II.- SYSTEMES RESTRICTIFS DE LA LIBERTE DU TRAVAIL.

Depuis que l’attention publique s’est portée sur l’organisation du travail, ou plutôt depuis que les partis se sont emparés de la question, chacun a voulu dire son mot. Quelques-uns ont étudié le problème pour lui-même, en vue des intérêts qu’il embrasse ; les autres l’ont saisi comme un moyen, comme une bonne occasion de s’adresser au public, et ils l’ont traité le plus souvent sans avoir aucune connaissance de nos lois économiques. De là tant d’écrits déclamatoires, qui manquent de bases et de conclusions. Toutefois, au milieu de ce désordre, plusieurs systèmes plus ou moins contraires au principe de la liberté se dessinent nettement ; les opinions qui se groupent autour d’eux se prêtent à l’analyse. Ainsi, nous avons les idées des communistes sur l’organisation du travail, la théorie de Fourier expliquée par ses disciples, les idées des radicaux, le système qu’on peut appeler système des ouvriers, celui des conseils industriels hiérarchisés, enfin celui de la restriction de la liberté des masses.
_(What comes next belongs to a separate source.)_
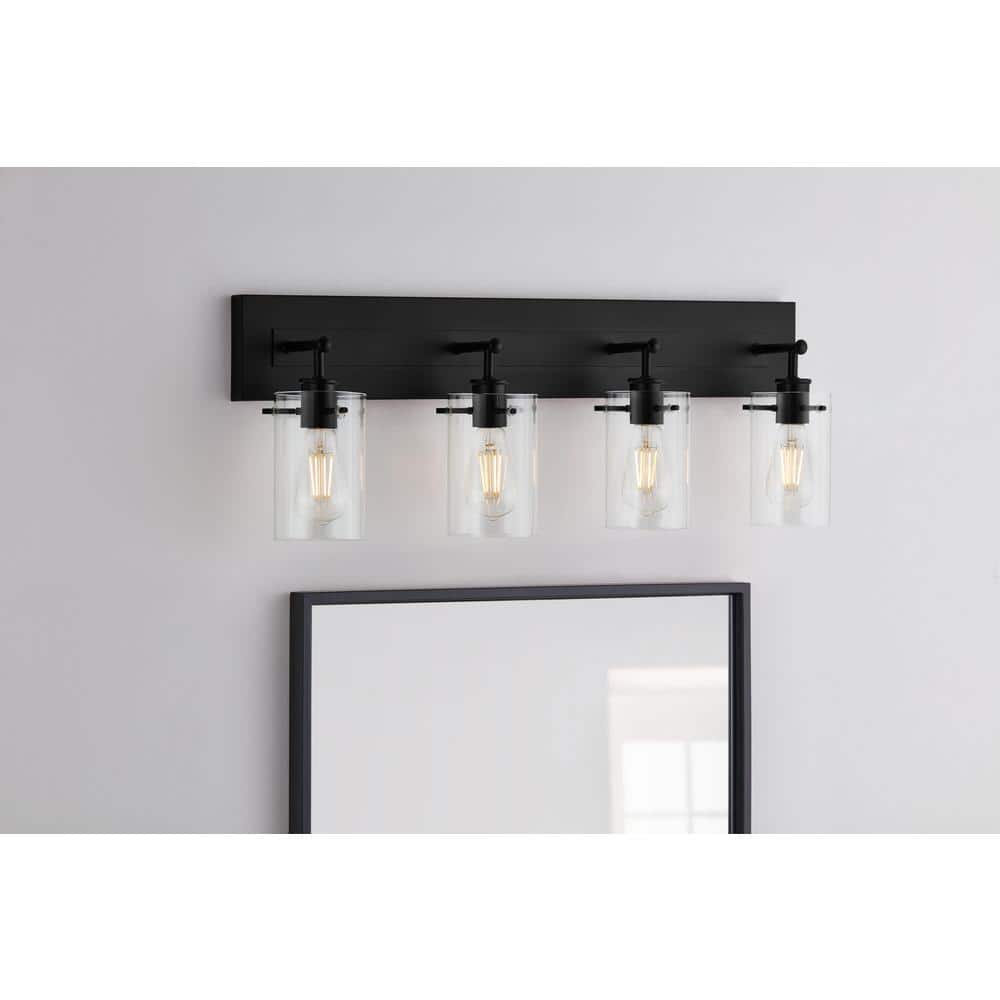 Hampton Bay Regan 29.25 in. 4-Light Matte Black Bathroom Vanity Light with Clear Glass Shades DSHD19574V3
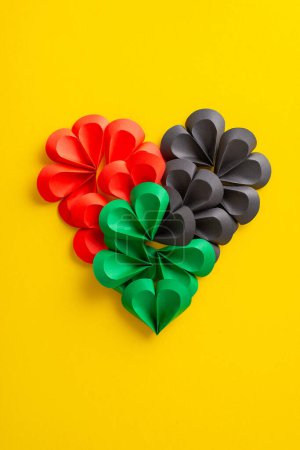 Photo for A vibrant vertical display of paper hearts in red, green, and black, arranged on a yellow background, symbolizing Juneteenth and the spirit of freedom - Royalty Free Image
Les écrivains communistes sont ceux qui entendent le régime industriel de la façon la plus radicale et la plus subversive. Tous les autres acceptent l’institution de la propriété. Si quelques-uns la mutilent, si l’école de Fourier, par exemple, lui porte une rude atteinte avec ses actions commanditaires, le principe cependant est à peu près conservé. Nous n’avons pas l’intention de refaire l’histoire du communisme ni d’entrer en longue discussion avec lui[1]. La théorie est connue. Quoiqu’elle se présente non-seulement comme une doctrine économique, mais comme une doctrine sociale complète, elle ne brille point par la variété et l’invention ; elle repose sur une seule idée, l’idée fausse de l’égalité absolue entre les hommes. L’homme se croit volontiers l’égal de ses supérieurs, et le supérieur de ses égaux. C’est le secret penchant de sa nature ; mais il sait fort bien reconnaître entre ses semblables l’inégalité essentielle des facultés et des moyens dont l’inégalité des conditions est la conséquence inévitable. Le communisme refuse d’accepter le principe et la conséquence ; il prétend rétablir pendant la vie, par son organisation du travail et son mode de distribuer les produits, l’égalité parfaite. Pour atteindre son but, il rend le travail obligatoire à tout le monde. Ce n’est

  1. Voyez, sur l’histoire du communisme, un travail remarquable publié dans cette Revue, livraison du 1er juillet 1842 : Des Idées et des Sectes communistes, par M. L. Reybaud.